*** Opening RECORDS SUPPLIED ***
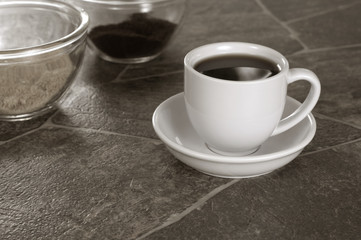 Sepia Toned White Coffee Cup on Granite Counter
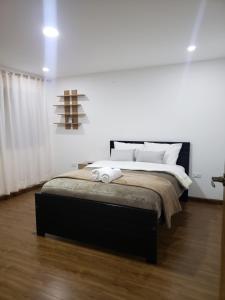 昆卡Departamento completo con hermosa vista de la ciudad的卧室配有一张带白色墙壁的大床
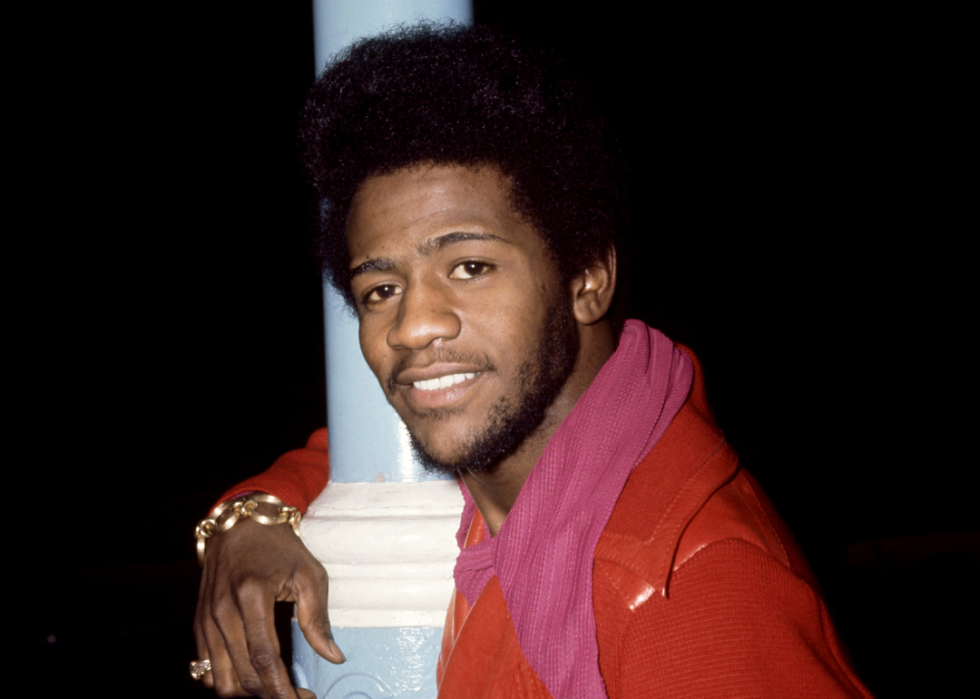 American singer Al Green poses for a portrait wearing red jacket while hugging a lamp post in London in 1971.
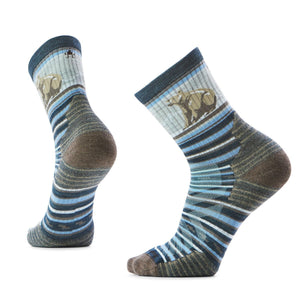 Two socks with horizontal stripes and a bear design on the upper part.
*** Closing RECORDS SUPPLIED ***
*** Opening RECORDS SUPPLIED ***
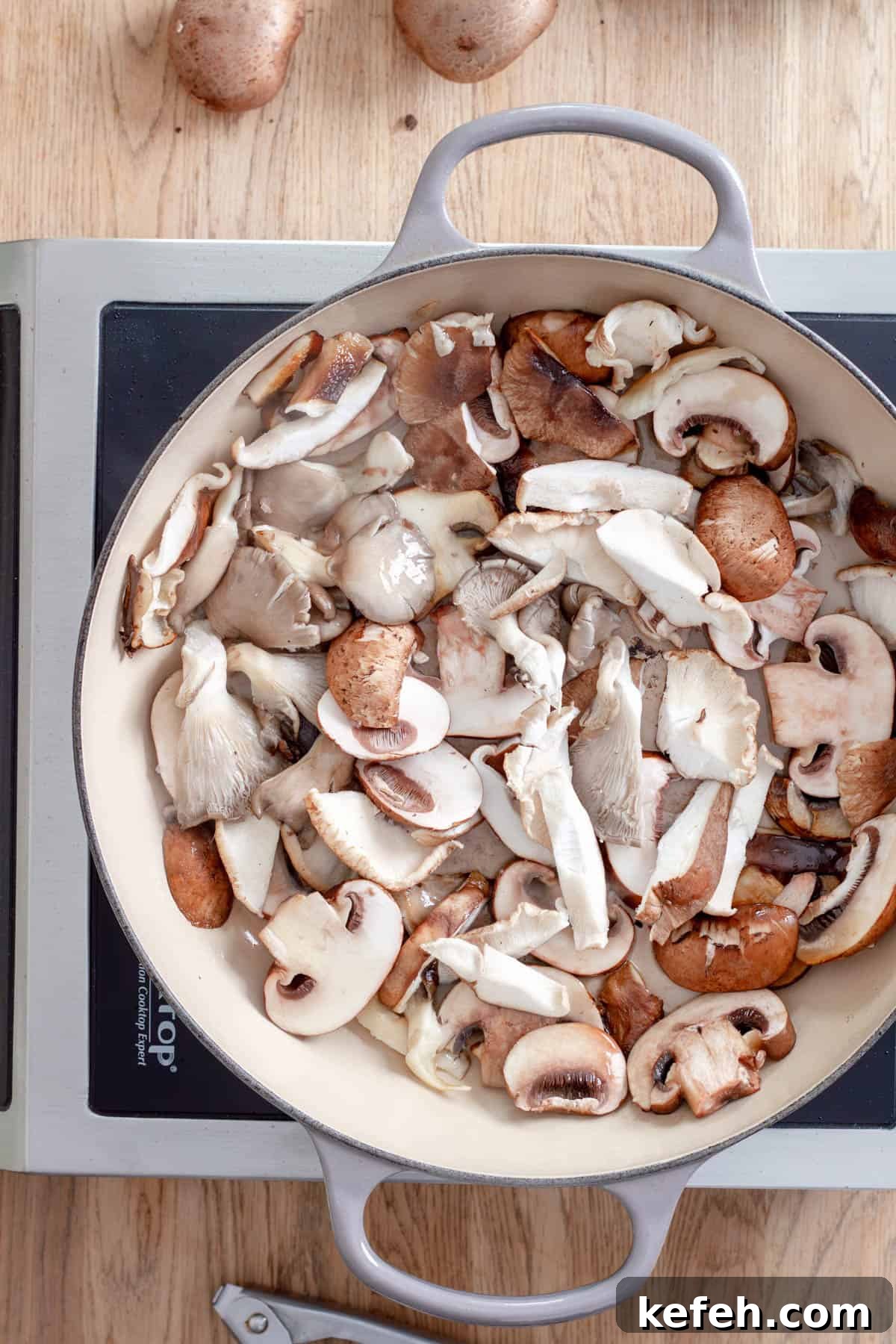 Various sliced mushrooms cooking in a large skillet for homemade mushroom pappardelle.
*** Closing RECORDS SUPPLIED ***
Using the entries above, transcribe exactly from the line that has "Sepia Toned White" through the line that has "Two socks with". Pictures are dropped.

TASK RESPONSE:
 Sepia Toned White Coffee Cup on Granite Counter
 昆卡Departamento completo con hermosa vista de la ciudad的卧室配有一张带白色墙壁的大床
 American singer Al Green poses for a portrait wearing red jacket while hugging a lamp post in London in 1971.
 Two socks with horizontal stripes and a bear design on the upper part.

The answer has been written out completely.